What the task asks: Omit every picture. Return all other data as it stands.

Data:
=-=-=-=-=
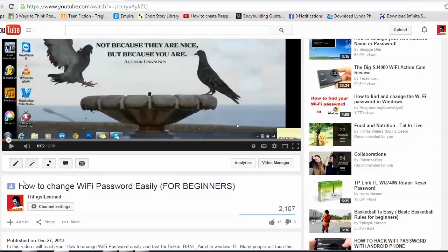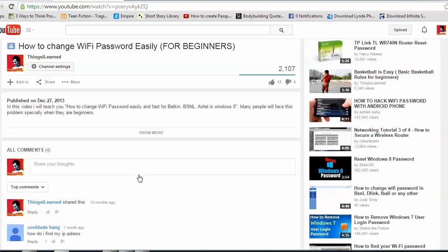Hello everybody, my name is Prakash Casey and welcome to Things I Learned. I got a question from my previous video about how to change Wi-Fi password, and the question was how can I find my IP address — I mean the router's IP address. So in this video I'll be showing you how to find the IP address of your router so that you can change your Wi-Fi password or play with the wireless settings.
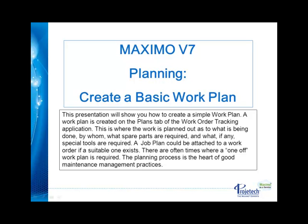This presentation will show you how to create a simple work plan. A work plan is created on the Plans tab of the Work Order Tracking application. This is where the work is planned out as to what is being done, by whom, what spare parts are required, and what, if any, special tools are required. A job plan could be attached to a work order if a suitable one exists. There are often times where a one-off work plan is required. The planning process is the heart of good maintenance management practices.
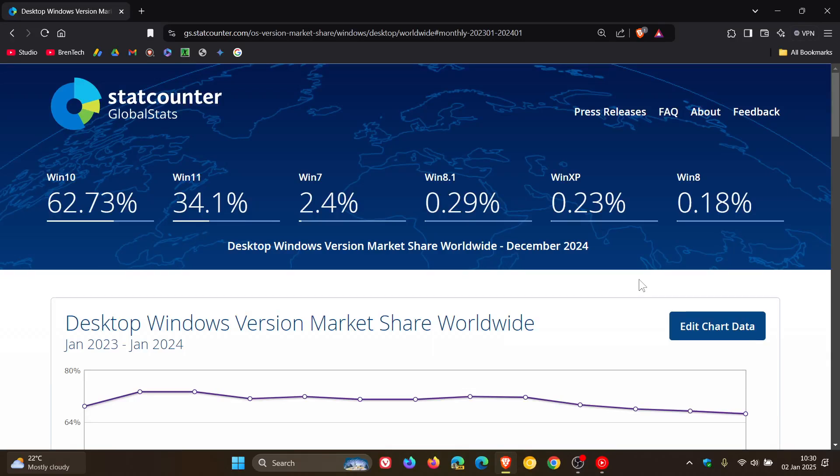Hi, Brentech here where tech is made simple. So we also get our December 2024 StatCounter desktop Windows version market share survey results.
=-=-=-=-=
Expected output:
Hello everybody, my name is Prakash Casey and welcome to Things I Learned. I got a question from my previous video about how to change Wi-Fi password, and the question was how can I find my IP address — I mean the router's IP address. So in this video I'll be showing you how to find the IP address of your router so that you can change your Wi-Fi password or play with the wireless settings.
This presentation will show you how to create a simple work plan. A work plan is created on the Plans tab of the Work Order Tracking application. This is where the work is planned out as to what is being done, by whom, what spare parts are required, and what, if any, special tools are required. A job plan could be attached to a work order if a suitable one exists. There are often times where a one-off work plan is required. The planning process is the heart of good maintenance management practices.
Hi, Brentech here where tech is made simple. So we also get our December 2024 StatCounter desktop Windows version market share survey results.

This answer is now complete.